• **Task requirements**
Using the listing below, set down exactly the lines from the one that contains "Now I'm going" through the one that contains "After putting on", with no pictures.

• **Record extracts**
-=-=-

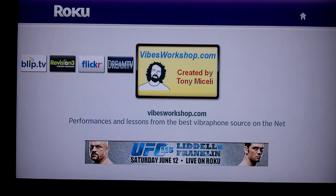Hello everyone and welcome to a video tour of thevibesworkshop.com on Roku application. Roku is a digital media player that allows you to stream video from the internet and play it on your TV.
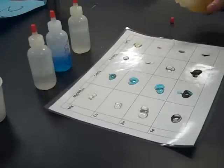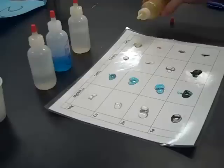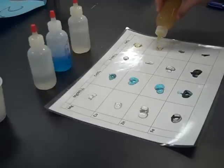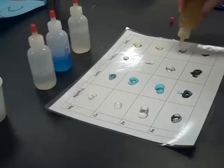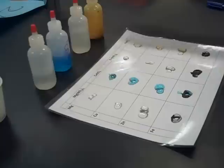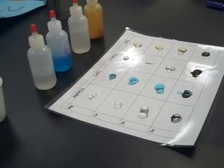Now I'm going to take the iron chloride and mix it with the magnesium, the copper metal, the zinc metal, and the iron metal. So now we're just going to have to wait five minutes to determine if a reaction has occurred or not.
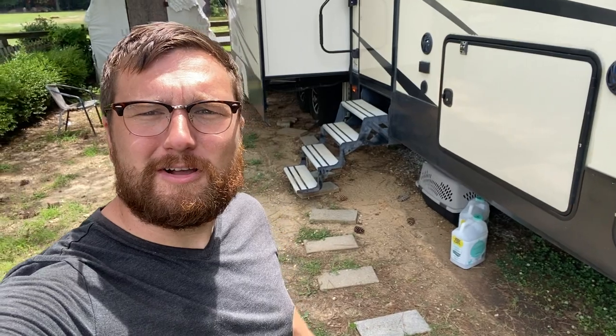Hey everybody, if you don't know me, my name is Justin. I'm a certified mobile RV repair tech and my channel is about all things RV. If that's something that might interest you, please consider subscribing. Today we're going to be talking about hydraulic slides, hydraulic landing gear, and hydraulic leveling gear.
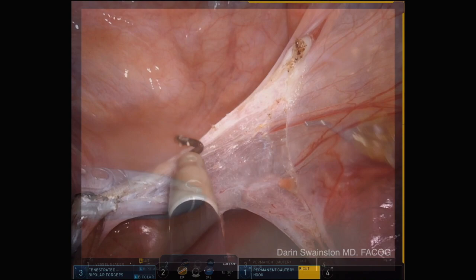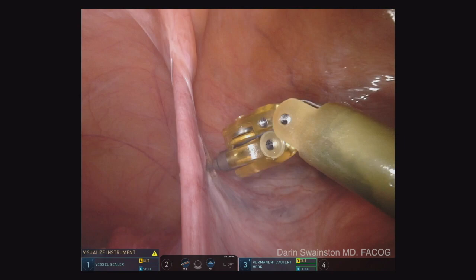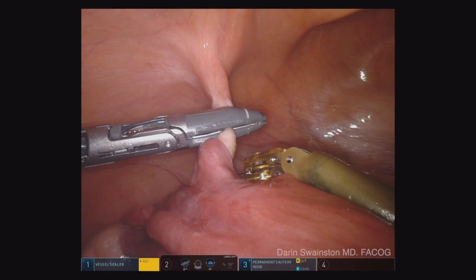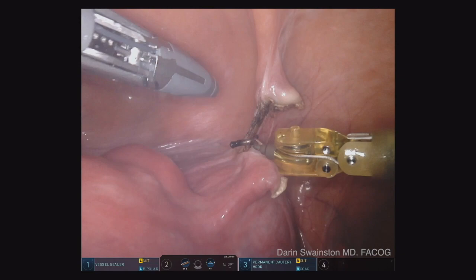This is an example of where the zero-degree scope is hard to use over big uteri. I've switched to a 30-degree down scope — I really like using the 30-degree scope now. It's my favorite way to do hysterectomies because I have more versatility: 30 degrees down, 30 degrees up with a flip of a switch, and I can rotate it right or left to see around things. I'm taking the round ligaments on both sides on this large specimen.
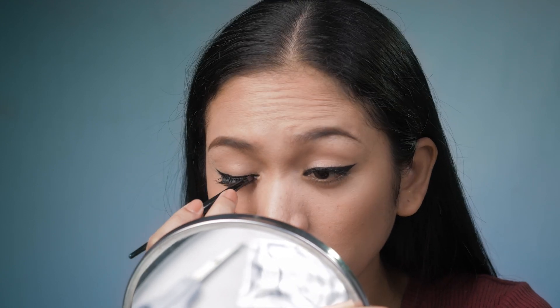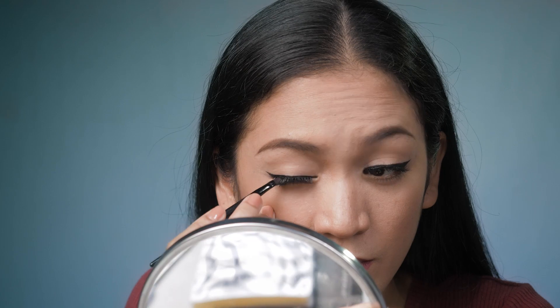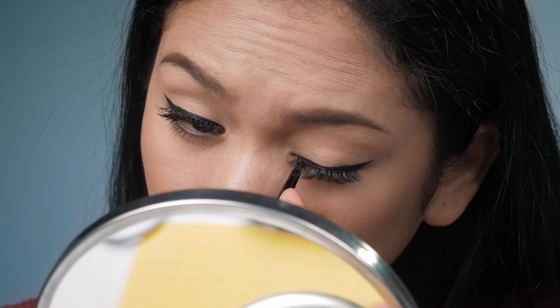After putting on the false eyelashes, we can now retouch the eyeliner and put on mascara and curl it, especially if your natural lashes and the falsies are not merged.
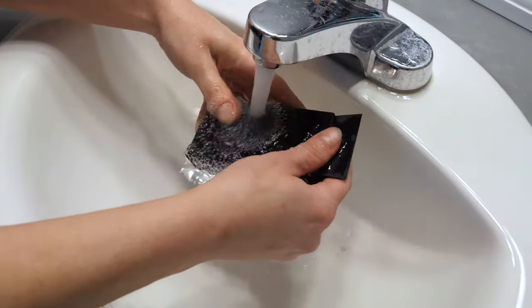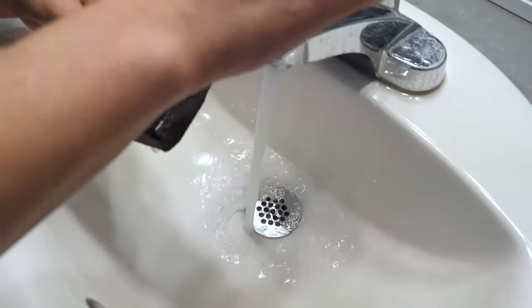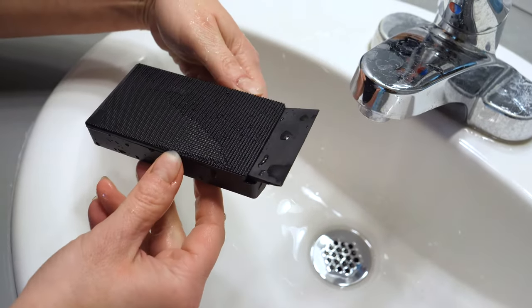Remove your magnet cleaner from your aquarium after each use and rinse with fresh water. Check the scrubbing pad before and after each use for any debris or sand. Before using your scraper blade attachment, check for any damage or uneven surfaces on the blade that could cause scratching to the glass.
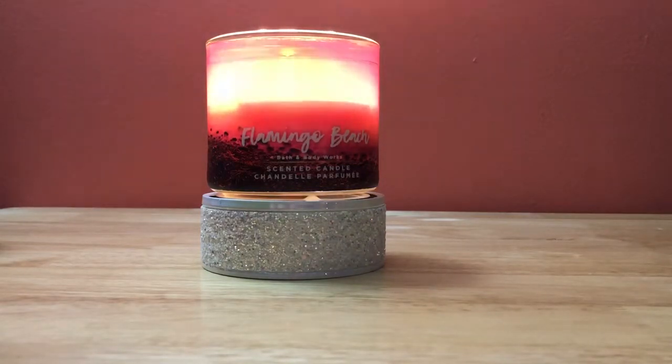Bath and Body Works describes Flamingo Beach as pink summer berries, juicy orange, and dewy white petals. I was looking for reviews before I even went in store. When I heard those notes, I was thinking it would be sort of like the Berry Spritzer from this past winter — kind of a Victoria's Secret Love Spell dupe, which is what everyone compared it to. Hearing 'summer berries and orange,' I thought it might smell like Berry Spritzer. It doesn't, really.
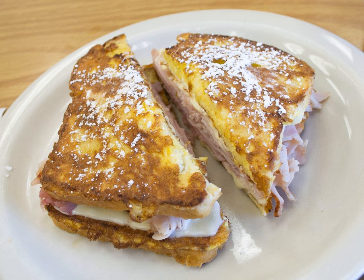Swiss cheese is typically used. In most regions, the sandwich is savory rather than sweet. Traditionally, it is dipped in its entirety in egg batter and pan fried, though it may also be deep fried.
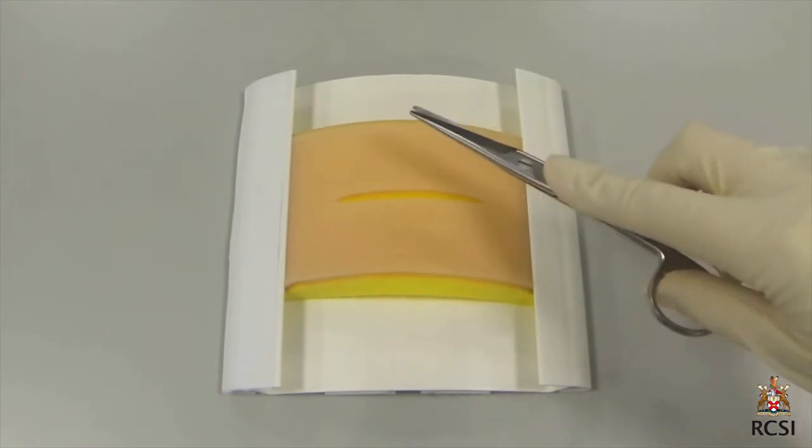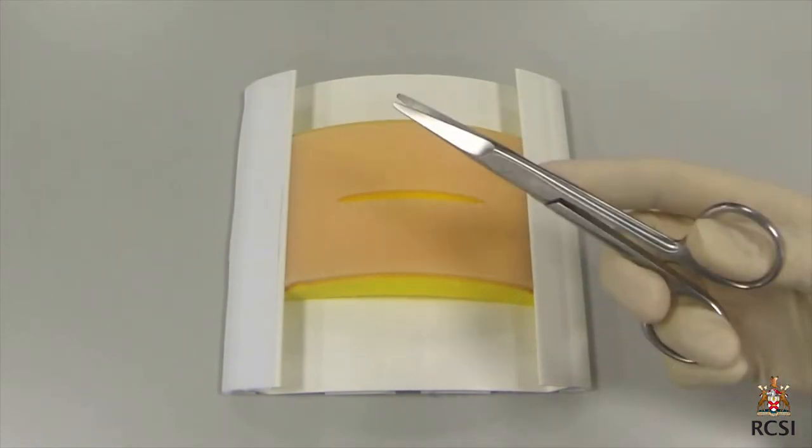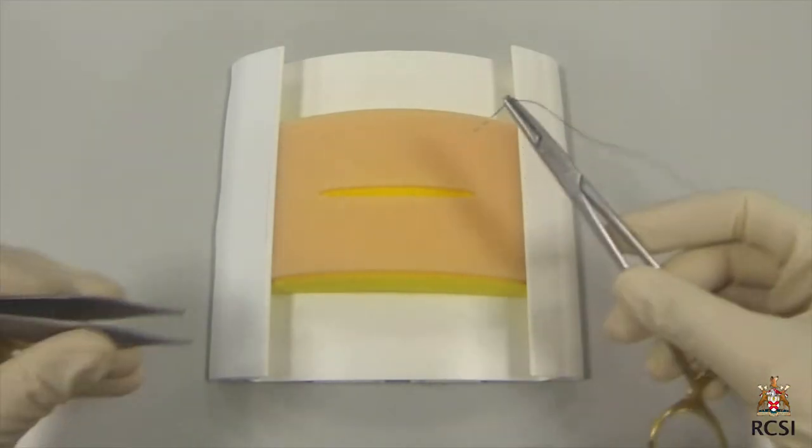The needle holder can also be used by the panning method, which allows greater freedom of rotation of the instrument. The scissor is also held at the tips of the thumb and ring finger and supported by the index finger.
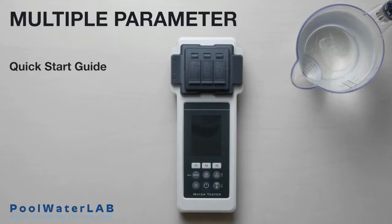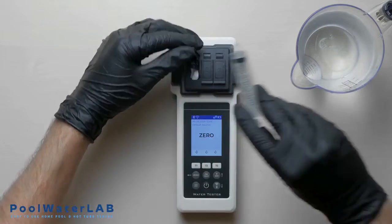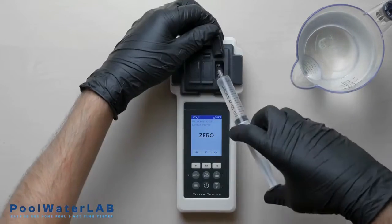Turn on the water tester using the power button. Do not touch tablets with your hands during testing. Add a water sample to all three measuring chambers with a special syringe, exactly 10 milliliters in each.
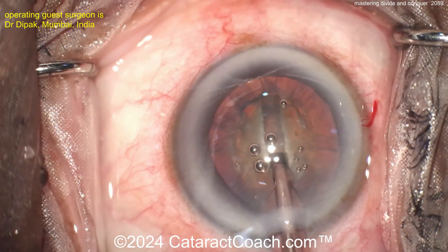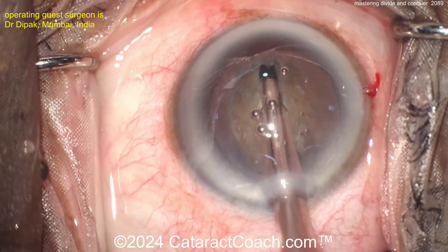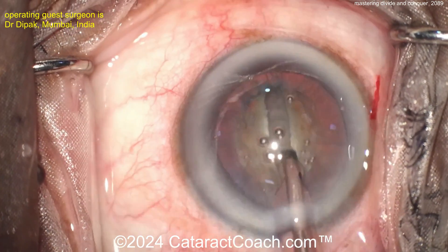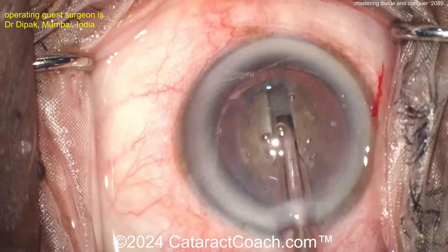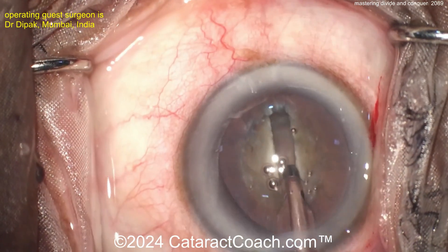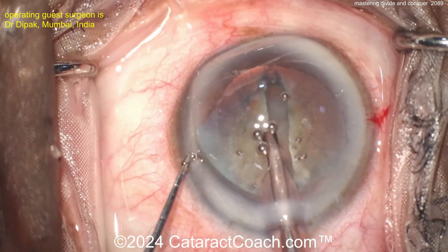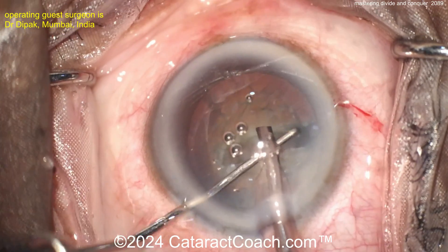In a case like this, using a power of about 20 to 40 percent ought to do it — it's not too dense of a cataract. Nice looking grooves here. Remember, the grooves are deeper in the center and shallower towards the periphery. Look how the eye stays in primary position as the groove is being done — the surgeon is doing a great job. If you're a young surgeon and the eye keeps moving towards the nasal canthus, that's not good.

-=-=-

• **Answer to this task**
Now I'm going to take the iron chloride and mix it with the magnesium, the copper metal, the zinc metal, and the iron metal. So now we're just going to have to wait five minutes to determine if a reaction has occurred or not.
Hey everybody, if you don't know me, my name is Justin. I'm a certified mobile RV repair tech and my channel is about all things RV. If that's something that might interest you, please consider subscribing. Today we're going to be talking about hydraulic slides, hydraulic landing gear, and hydraulic leveling gear.
This is an example of where the zero-degree scope is hard to use over big uteri. I've switched to a 30-degree down scope — I really like using the 30-degree scope now. It's my favorite way to do hysterectomies because I have more versatility: 30 degrees down, 30 degrees up with a flip of a switch, and I can rotate it right or left to see around things. I'm taking the round ligaments on both sides on this large specimen.
After putting on the false eyelashes, we can now retouch the eyeliner and put on mascara and curl it, especially if your natural lashes and the falsies are not merged.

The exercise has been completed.